Le massacre de Tiananmen à Pékin a fait au moins 10.000 morts, selon une archive britannique qui vient d'être rendue publique et livre un récit cauchemardesque de l'écrasement des manifestations pour la démocratie par l'armée chinoise en 1989. "Estimation minimale des morts civils 10.000", conclut alors l'ambassadeur de Grande-Bretagne, Alan Donald, dans un télégramme secret adressé à Londres. Ce document des Archives nationales britanniques a été rendu public plus de 28 ans après les faits.

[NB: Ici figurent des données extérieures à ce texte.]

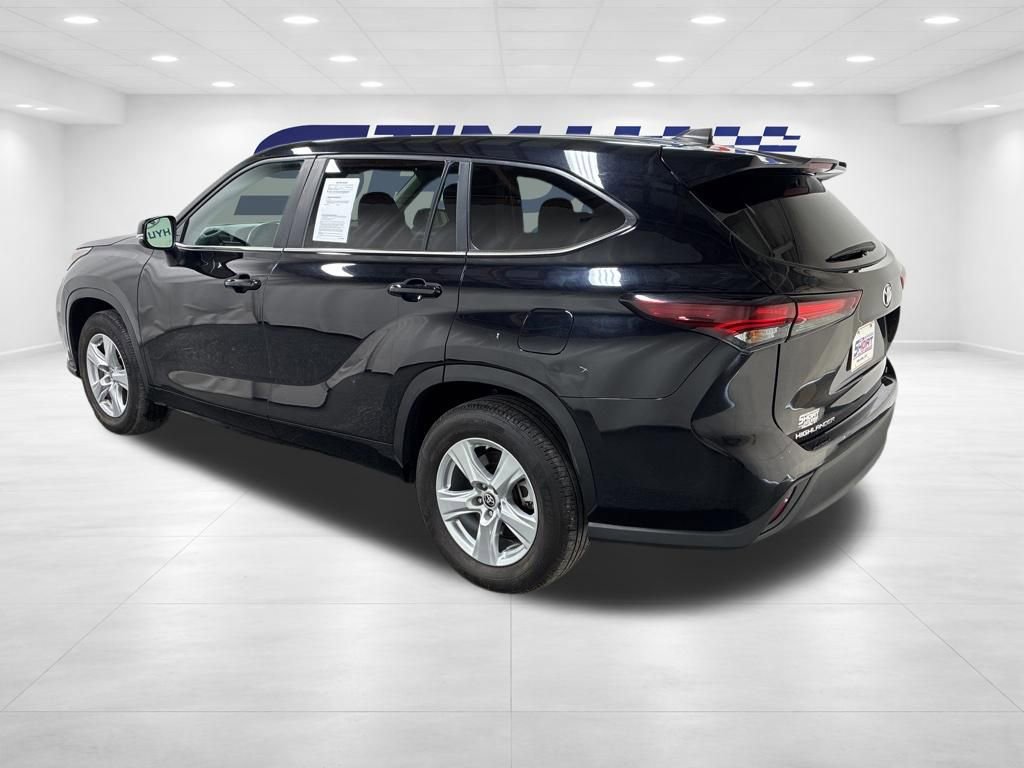 Used 2024 Toyota Highlander LE FWD image 8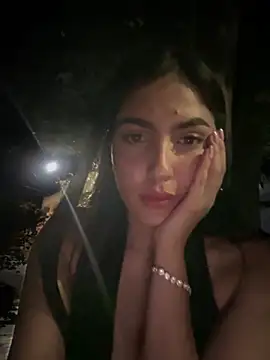 MarianaBenz online show from February 12, 2025, 2:45 am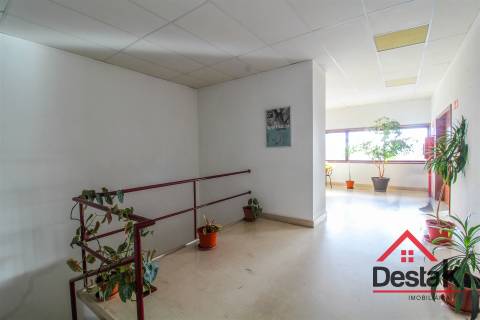 Pavilhão Industrial na Zona Industrial de Oliveira de Frades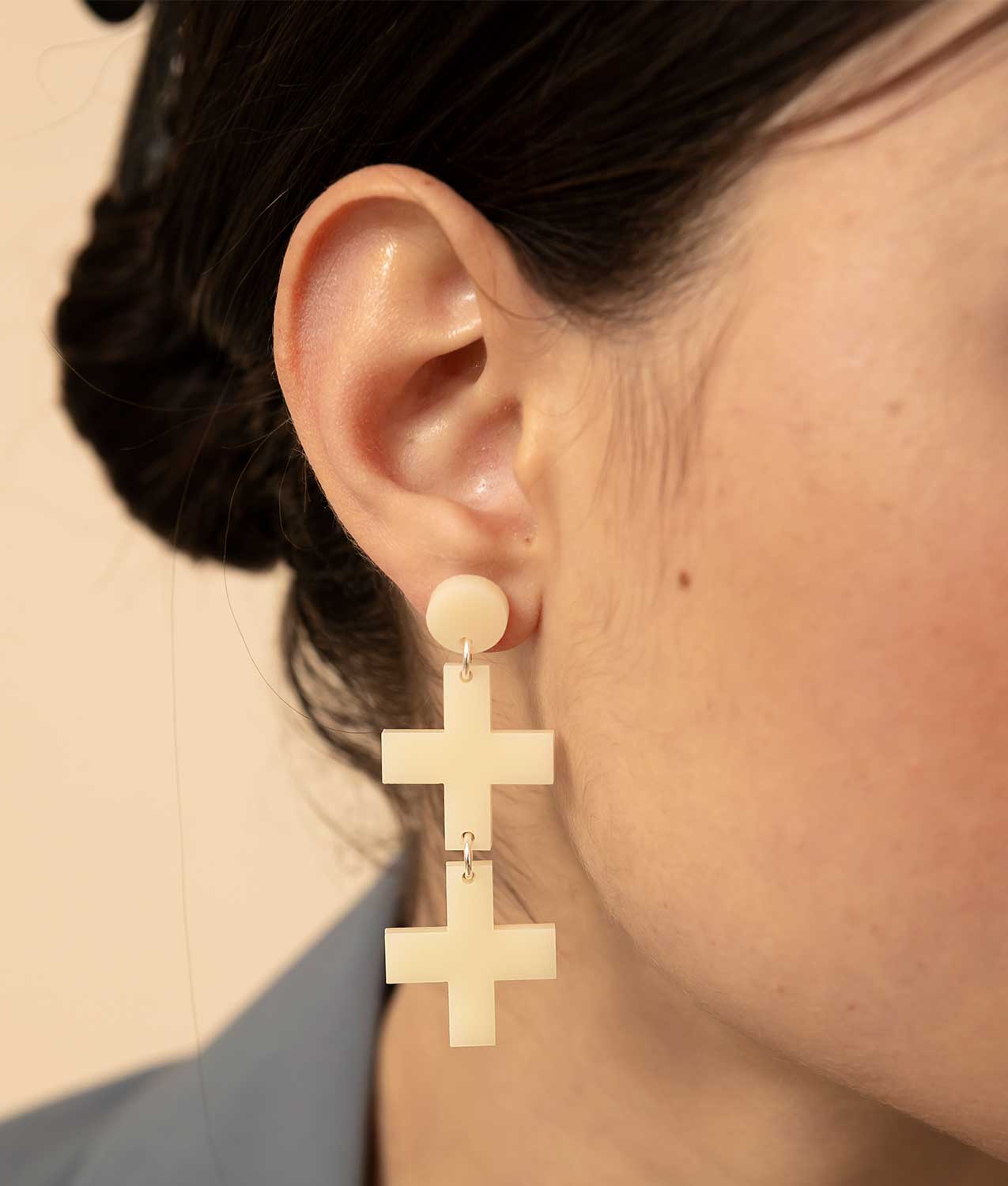 PENDIENTES ORELLA METRACRILATO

Des sources concordantes. L'estimation, donnée le 5 juin 1989, soit au lendemain du massacre, est presque dix fois plus élevée que les évaluations admises communément à l'époque et qui faisaient généralement état d'un bilan allant de plusieurs centaines à plus d'un millier de morts. Mais l'évaluation britannique est jugée crédible par le sinologue français Jean-Pierre Cabestan, qui rappelle que des documents déclassifiés ces dernières années aux Etats-Unis ont abouti au même ordre de grandeur. "Cela fait deux sources assez indépendantes qui disent la même chose". Le bilan avancé par l'ambassadeur de Grande-Bretagne "n'est pas tellement étonnant vu le monde qu'il y avait à Pékin, du nombre de gens mobilisés" contre le gouvernement chinois, souligne le sinologue de l'Université baptiste de Hong Kong, qui se trouvait dans la capitale chinoise dans les jours qui ont précédé la répression.

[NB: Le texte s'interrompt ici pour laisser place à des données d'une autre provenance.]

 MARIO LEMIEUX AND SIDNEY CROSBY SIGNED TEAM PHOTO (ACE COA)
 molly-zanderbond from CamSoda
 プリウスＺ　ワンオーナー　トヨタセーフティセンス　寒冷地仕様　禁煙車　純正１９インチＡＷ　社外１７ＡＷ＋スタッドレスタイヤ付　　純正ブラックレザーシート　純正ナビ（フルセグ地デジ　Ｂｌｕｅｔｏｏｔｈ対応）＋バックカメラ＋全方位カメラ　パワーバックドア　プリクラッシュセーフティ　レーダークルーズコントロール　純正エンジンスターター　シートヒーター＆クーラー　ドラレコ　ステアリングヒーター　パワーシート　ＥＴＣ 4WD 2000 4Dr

Des manifestants "taillés en pièces". Le rapport d'Alan Donald livre un témoignage terrifiant de la violence qui s'est déchaînée dans la nuit du 3 au 4 juin, lorsque l'armée est entrée dans Pékin pour mettre fin à sept semaines de manifestations sur la gigantesque place Tiananmen, cœur symbolique du pouvoir communiste. Pendant leur avance, "les blindés de transport de troupes de la 27e Armée ont ouvert le feu sur la foule [...] avant de lui rouler dessus", écrit l'ambassadeur, qui cite pour source une personne dont le nom est caché mais qui a obtenu ses informations d'un "ami proche, actuellement membre du Conseil d'Etat", le gouvernement chinois.

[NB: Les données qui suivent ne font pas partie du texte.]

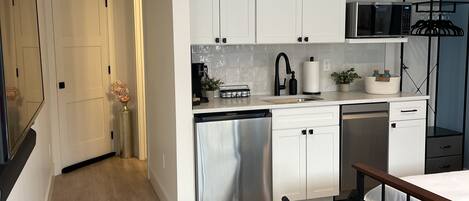 Fridge, microwave, dishwasher, coffee/tea maker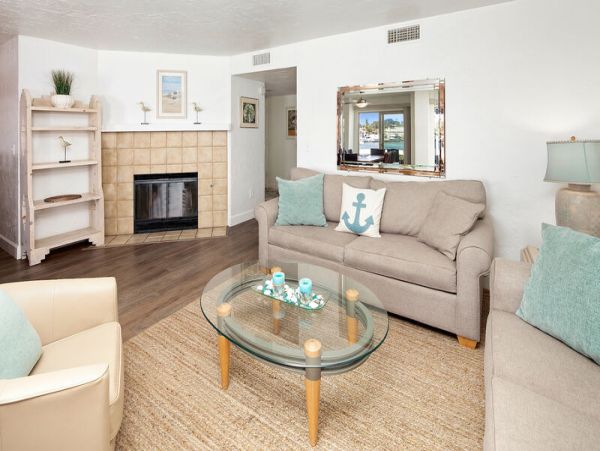 Bayfront Beach Rental with 3 Bedrooms
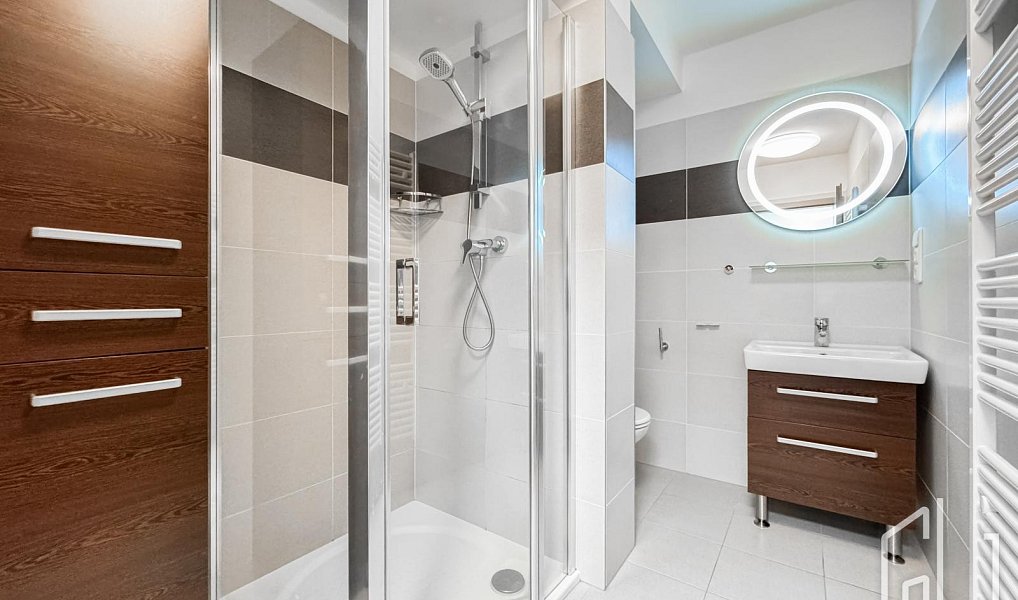 Prodej bytu 4+kk 141 m², Praha – náhled fotky 14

Une fois que les militaires sont arrivés place Tiananmen "les étudiants ont cru comprendre qu'ils avaient une heure pour évacuer, mais après seulement cinq minutes, les blindés ont attaqué", rapporte Alan Donald. Les manifestants "ont été taillés en pièces". Le régime chinois, qui impose un tabou sur cette période, avait de son côté affirmé fin juin 1989 que la répression des "émeutes contre-révolutionnaires" avait fait 200 morts chez les civils et "plusieurs dizaines" du côté des forces de l'ordre.